| Instructions for the task |
Lines from the one containing "This is the uterine vascularity, showing" through the end of the data are to be returned exactly, and no others.

--- Listed entries ---

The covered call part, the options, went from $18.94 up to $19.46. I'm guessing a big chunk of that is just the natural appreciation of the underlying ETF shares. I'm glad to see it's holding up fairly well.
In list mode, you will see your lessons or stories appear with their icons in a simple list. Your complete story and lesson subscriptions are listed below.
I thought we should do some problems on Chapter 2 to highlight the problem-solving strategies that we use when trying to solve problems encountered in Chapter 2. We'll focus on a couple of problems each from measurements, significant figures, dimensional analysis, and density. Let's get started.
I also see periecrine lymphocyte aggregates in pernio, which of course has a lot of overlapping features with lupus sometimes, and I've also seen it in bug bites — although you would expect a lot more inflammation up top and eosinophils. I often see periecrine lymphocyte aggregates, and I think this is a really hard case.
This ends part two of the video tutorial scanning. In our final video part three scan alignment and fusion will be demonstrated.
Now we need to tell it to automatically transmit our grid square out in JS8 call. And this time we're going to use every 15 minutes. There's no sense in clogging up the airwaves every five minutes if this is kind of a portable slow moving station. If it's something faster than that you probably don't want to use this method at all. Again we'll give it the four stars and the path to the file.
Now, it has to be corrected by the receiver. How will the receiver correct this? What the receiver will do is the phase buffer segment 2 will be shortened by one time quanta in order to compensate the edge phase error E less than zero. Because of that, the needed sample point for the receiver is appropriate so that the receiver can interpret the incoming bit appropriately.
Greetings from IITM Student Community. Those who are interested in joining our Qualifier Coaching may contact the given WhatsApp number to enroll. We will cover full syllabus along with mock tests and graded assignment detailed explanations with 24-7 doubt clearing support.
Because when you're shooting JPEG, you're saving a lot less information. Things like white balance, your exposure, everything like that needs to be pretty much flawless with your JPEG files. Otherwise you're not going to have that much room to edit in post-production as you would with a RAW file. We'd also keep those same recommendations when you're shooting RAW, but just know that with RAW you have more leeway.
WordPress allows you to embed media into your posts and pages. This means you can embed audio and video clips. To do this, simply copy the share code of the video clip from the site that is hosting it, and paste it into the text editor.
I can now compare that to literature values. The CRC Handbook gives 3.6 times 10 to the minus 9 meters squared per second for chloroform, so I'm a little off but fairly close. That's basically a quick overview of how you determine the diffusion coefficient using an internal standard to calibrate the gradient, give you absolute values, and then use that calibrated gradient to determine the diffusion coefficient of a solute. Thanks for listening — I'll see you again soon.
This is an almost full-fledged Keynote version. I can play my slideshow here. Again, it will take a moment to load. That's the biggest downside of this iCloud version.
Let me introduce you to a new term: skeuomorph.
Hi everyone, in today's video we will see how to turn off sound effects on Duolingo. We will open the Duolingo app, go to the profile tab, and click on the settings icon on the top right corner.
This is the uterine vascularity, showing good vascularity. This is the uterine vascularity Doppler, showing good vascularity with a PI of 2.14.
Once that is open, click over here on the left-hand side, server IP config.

---

| Result below |
This is the uterine vascularity, showing good vascularity. This is the uterine vascularity Doppler, showing good vascularity with a PI of 2.14.
Once that is open, click over here on the left-hand side, server IP config.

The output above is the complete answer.